As chair of the House Ways and Means Committee, Neal has jurisdiction over almost all of the domestic policy agenda—a circumstance that, as I wrote last year, has been a thorn in progressives’ sides:

“Richard Neal opposes everything that’s catching fire in the Democratic Party,” [Justice Democrats’ spokesperson Waleed] Shahid says. “Neal’s basically a huge turd,” snaps Sean McElwee, the leftist provocateur and influential co-founder of the think tank Data for Progress. Neal’s committee oversees taxation, Social Security, Medicare, and welfare—nearly every economic issue Democrats hope to tackle. Yet when it comes to the policy ideas that excite the progressive base, he isn’t on board. He’s the only member of the Massachusetts delegation who hasn’t co-sponsored the Green New Deal. He asked his colleagues not to mention Medicare for All by name during a hearing called for the express purpose of discussing the single-payer proposal.

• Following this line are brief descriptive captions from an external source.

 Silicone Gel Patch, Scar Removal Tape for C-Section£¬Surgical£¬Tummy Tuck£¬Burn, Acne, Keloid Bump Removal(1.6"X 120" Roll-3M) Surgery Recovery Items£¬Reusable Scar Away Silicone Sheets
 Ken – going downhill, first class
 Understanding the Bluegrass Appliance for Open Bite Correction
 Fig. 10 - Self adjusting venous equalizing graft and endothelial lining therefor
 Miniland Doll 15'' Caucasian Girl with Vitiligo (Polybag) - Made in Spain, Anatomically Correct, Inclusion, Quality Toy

They also accused Neal of slow-walking his request for Trump’s tax returns, which a 1924 law grants the Ways and Means chair the authority to procure. Though Neal eventually did make that move in April 2019, critics say his four-month delay allowed the Trump administration time to run out the clock with court challenges—which they’ve so far succeeded in doing. (Neal also turned down an offer from New York state to request Trump’s state tax returns, arguing that doing so would complicate his federal request.)

But of even greater concern to the left was Neal’s perceived coziness with corporate interests, many of whom rushed to his financial defense when rumors of a primary challenge swirled: By the time Morse entered the race, Neal had already amassed a $4 million war chest. In Morse’s corner was a unified phalanx of influential progressive groups, such as Indivisible and the Working Families Party, whose support of insurgent candidates had been more scattershot in other contests. Last week, Ocasio-Cortez threw her support behind Morse through her political action committee, a vote of confidence that drew both national attention and donations.

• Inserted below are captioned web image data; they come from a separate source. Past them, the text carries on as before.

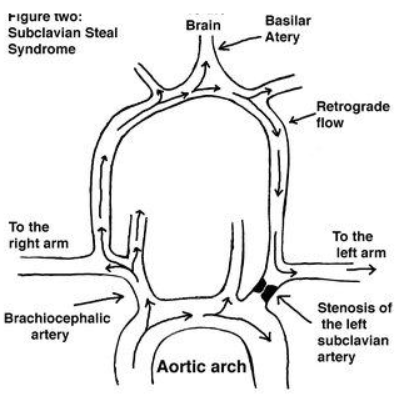 <p>retrograde vertebral flow </p><ul><li><p><strong>bi-directional </strong>or <strong>bunny sign </strong>if ‘pre’</p></li></ul><p>LT subclavian/innom occlusion that is proximal to vertebrals</p><p>brachial BP difference 15-20mmHg</p>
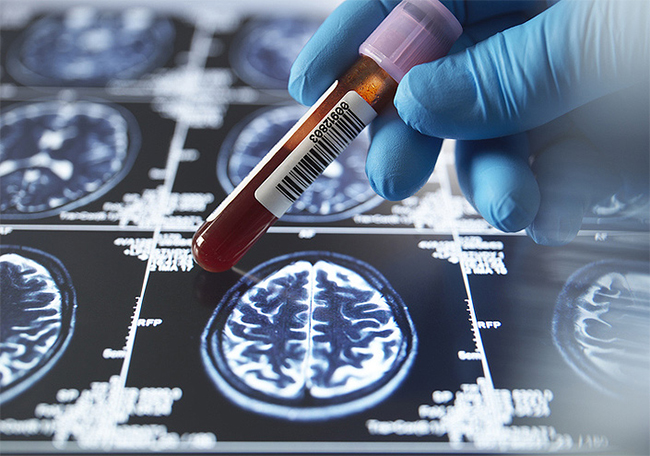 Alzheimer’s Disease – Another Big Pharma Goldmine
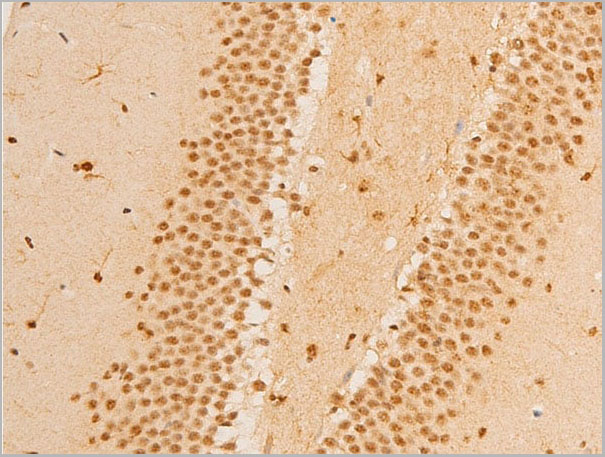 product-image-AAA30954_IHC3.jpg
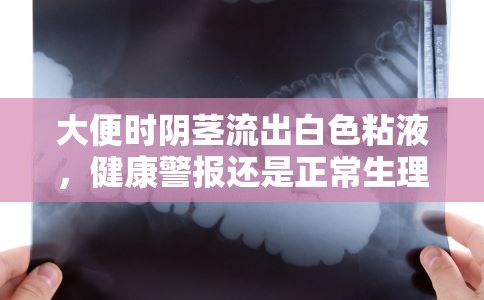 大便時陰莖流出白色粘液，健康警報還是正常生理現(xiàn)象？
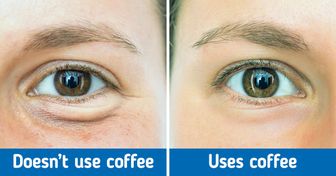 8 Tips to Reduce Black Circles and Tiredness Under the Eyes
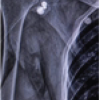 Single-Screw versus Two-Screw Fixation in the Latarjet Procedure: A Prospective Comparative Study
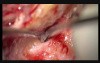 Second – Look Tympanoplasty 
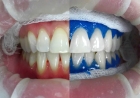 Нанесение на зуб отбеливающего препарата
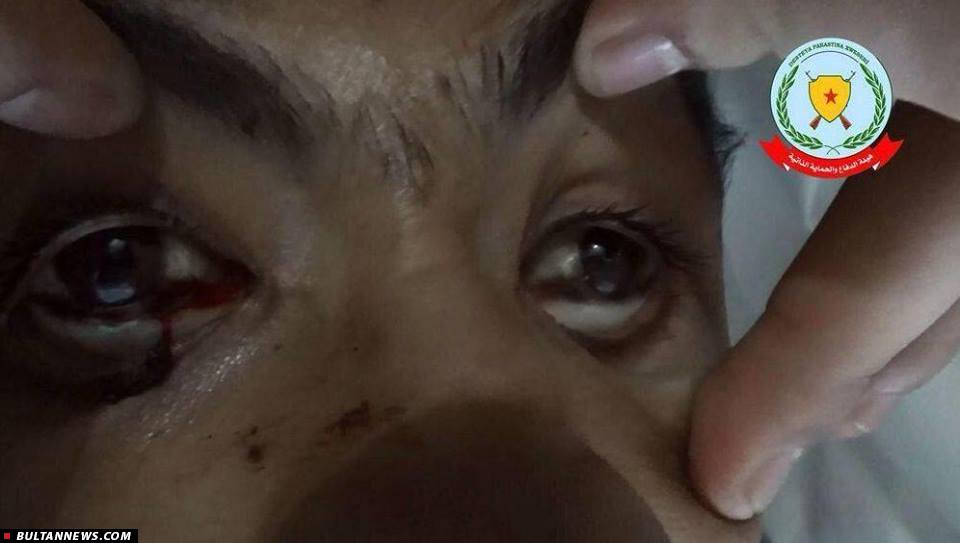داعش از سلاحهای شیمیایی در کوبانی استفاده می کند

Scandal haunted the final month of the campaign after the Massachusetts College Democrats made vague accusations that Morse hade made inappropriate sexual advances Morse on students at the University of Massachusetts, Amherst, where he served as a guest lecturer. The accusations nearly derailed Morse’s challenge, but subsequent reporting from The Intercept determined that the claims were both unfounded and politically motivated by supporters of Neal, who denied knowledge or involvement. In the end, the episode boosted Morse: He raised nearly half a million dollars and drew more than 400 new volunteers to his campaign as additional details cleared his name.

But ultimately, no amount of national support nor political foul play could persuade Western Massachusetts voters to choose Morse. Many still like the fact that their representative, who will almost certainly win his 17th term in November, is one of Congress’ most powerful members.